The apostle Paul was a highly motivated individual. Even before coming to Christ, he lived a life of full dedication to God’s service, as he (mis)understood it. Although he once opposed and persecuted Christ and Christians, he describes himself to a mob of Jewish people in Jerusalem (that shortly before had attempted to kill him) by saying in Acts 22:3, “I am indeed a Jew, born in Tarsus of Cilicia, and brought up in this city at the feet of Gamaliel, taught according to the strictness of our fathers’ law, and was zealous toward God as you all are today.” He goes on to testify in verse 4 that before coming to Christ, “I persecuted this Way, binding and delivering into prisons both men and women.” Paul was never half-hearted in his service to God, even when misguided. Later, after believing and obeying Christ’s gospel (Acts 22:16), Paul (in prison at the time for preaching Christ – Philippians 1:12-18) wrote to Christians at Philippi, “But what things were gain to me, these I have counted loss for Christ. Yet indeed I also count all things loss for the excellence of Christ Jesus my Lord, for whom I have suffered the loss of all things, and count them as rubbish that I may gain Christ” (3:7-8). After being commissioned by Christ to preach the gospel, Paul testified to King Agrippa in Acts 26:22-23, “Therefore, having obtained help from God, to this day I stand, witnessing to small and great, saying no other things than those which Moses and the prophets said would come — that the Christ would suffer, that He would be the first to rise from the dead, and would proclaim light to the Jewish people and to the Gentiles.” And so it was — when it came to preaching Christ and talking to people about Jesus, the apostle Paul didn’t have an “off” button! According to strong church tradition, those who opposed the gospel finally shut his mouth when they cut his head off outside Rome sometime around
68 A. D.

What motivated Paul to tell the story of Jesus? What moved him and sustained him even though doing so often cost him comfort and caused him pain and even prison? Why wouldn’t he stay mum or be a “silent saint” like so many who sit on church pews today? Why was he so bent on preaching Christ? In 2 Corinthians 5:14-15 he writes about the force that compelled him to live for and tell about Jesus: “For the love of Christ compels us, because we judge thus: that if One died for all, then all died; and He      died for all, that those who live should live no longer for themselves, but for Him who died for them and rose again.” Paul was so gripped by the love Christ had for him that he couldn’t help loving Christ and talking about Him! What do you love to talk about most? Grandchildren? Football or other sports? Politics? Fishing and hunting? Clothes? Computers? Christians ought to talk about Christ! No power on earth can open our mouths for Christ like being gripped by His love. Are you gripped by Jesus’ love for       you? Do you love Him? How long has it been since you talked about Him to someone else? Just asking. 

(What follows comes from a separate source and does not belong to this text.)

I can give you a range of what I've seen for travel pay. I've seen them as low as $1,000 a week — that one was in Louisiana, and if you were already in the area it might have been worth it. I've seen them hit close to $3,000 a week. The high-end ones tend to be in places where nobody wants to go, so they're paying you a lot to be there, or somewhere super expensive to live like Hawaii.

  Dan Gulley, Smithville TN 

Friday, December 9, 2022

No Stranger To Our Pain!

A little story reminds us pain is a perennial human problem. A man went to a fortune teller. She looked into her fortune-ball and told him you will have lots of pain in your life for the next 8 years.” The man asked hopefully, “Then what?” She said, “Then you’ll get used to it.” Sooner or later pain comes to every life – but we never get used to it. Country artist Keith Whitley captured the painful truth about pain in his 1989 song, “I’m No Stranger To the Rain.” The song describes various kinds of suffering and the foggy, hopeless feeling chronic pain can cause. Whitley, a brilliant young country artist, was telling the truth about himself in that song. He struggled with alcoholism from a young age and died of alcoholic poisoning in May 1989, at 33 years old.                                 

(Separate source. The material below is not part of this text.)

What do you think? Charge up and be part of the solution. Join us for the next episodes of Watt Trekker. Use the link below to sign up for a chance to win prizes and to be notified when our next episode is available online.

 Let’s shift from a country music singer to Christ the Savior. To put a little twist on the title of Whitley’s song, Jesus was no stranger to our pain. Centuries before Christ came to earth, the prophet Isaiah wrote, “He was despised and rejected by men; A man of sorrows and acquainted with grief” Isaiah 53:3a). Jesus was no stranger to life’s pain. His pain began with birth in a stable (Luke 2:7) and built to an excruciating climax 33 years later on a cross. Matt.27:35, says tersely, “They crucified Him,” but death by crucifixion was a death of unimaginable pain. On the cross, as physical, mental, emotional and spiritual pain saturated His body and soul, Jesus cried with a loud voice, saying, “Eli, Eli, lama sabachthani; That is, My God, My God, why have You forsaken Me?” (Matt.27:46). No theological attempt to explain that heartbroken cry fully suffices. The sight of God in the flesh suffering, on a cross of all things, confronts us with depths of spiritual mystery we simply cannot fully plumb.

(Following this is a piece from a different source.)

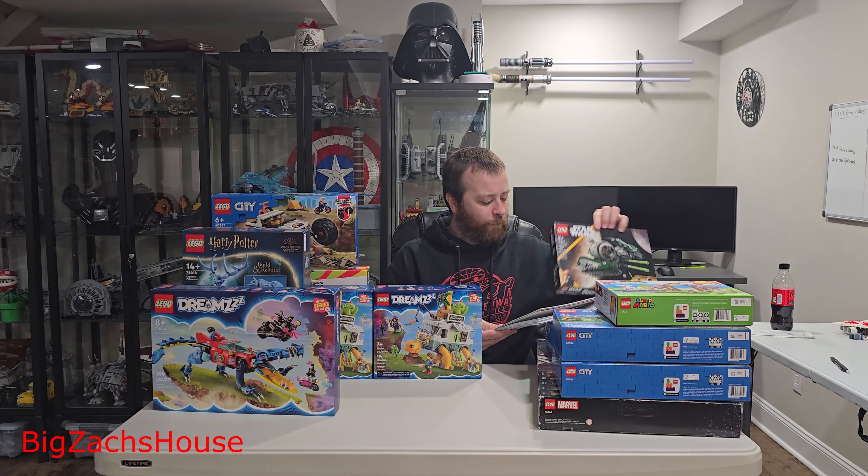Here we have 60387, the 4x4 Off-Roader Adventures. I paid $14 for this one. These Lego City sets were just a deal at $14. Maybe I'll let Zachary build this one — I think that'd be fun for him to do.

 Still, there is a truth here that can help us when we, like Jesus, hurt until we question whether or not God is still with us and still cares for us. The pain Jesus suffers on the cross provides the most powerful proof available God has not forsaken us or stopped caring! He has on the job experience at intense and sustained suffering! Philip Yancey writes, “No other religion – not Judaism, not Hinduism, not Buddhism or Islam – offers the unique contribution of an all-powerful God who willingly takes on the          limitations and suffering of His creation. As Dorothy Sayers wrote, ‘For whatever reason God chose to make man as he is – limited and suffering and subject to death – He had the honesty and courage to take His own medicine. Whatever game He is playing with His own creation, He has kept His own rules and played fair ... He has Himself gone through the whole of human experience, from the trivial irritations of family life and the cramping restrictions of hard work and lack of money to the worst horrors of pain  and humiliation, defeat, despair, and death. When He was a man, He played the man. He was born in poverty and died in disgrace and thought it well worthwhile’ ” (Yancey, Where Is God When It Hurts?, p 225). All this adds a new layer on the theological question, if God is all powerful and all good, why do good people suffer? We may never totally understand why — but if the question is will God Himself suffer, the answer thunders down the ages from the cross — yes, in the worst kind of way. If God had to      suffer to save us, who could imagine we, too, would never have to do some suffering? Just asking.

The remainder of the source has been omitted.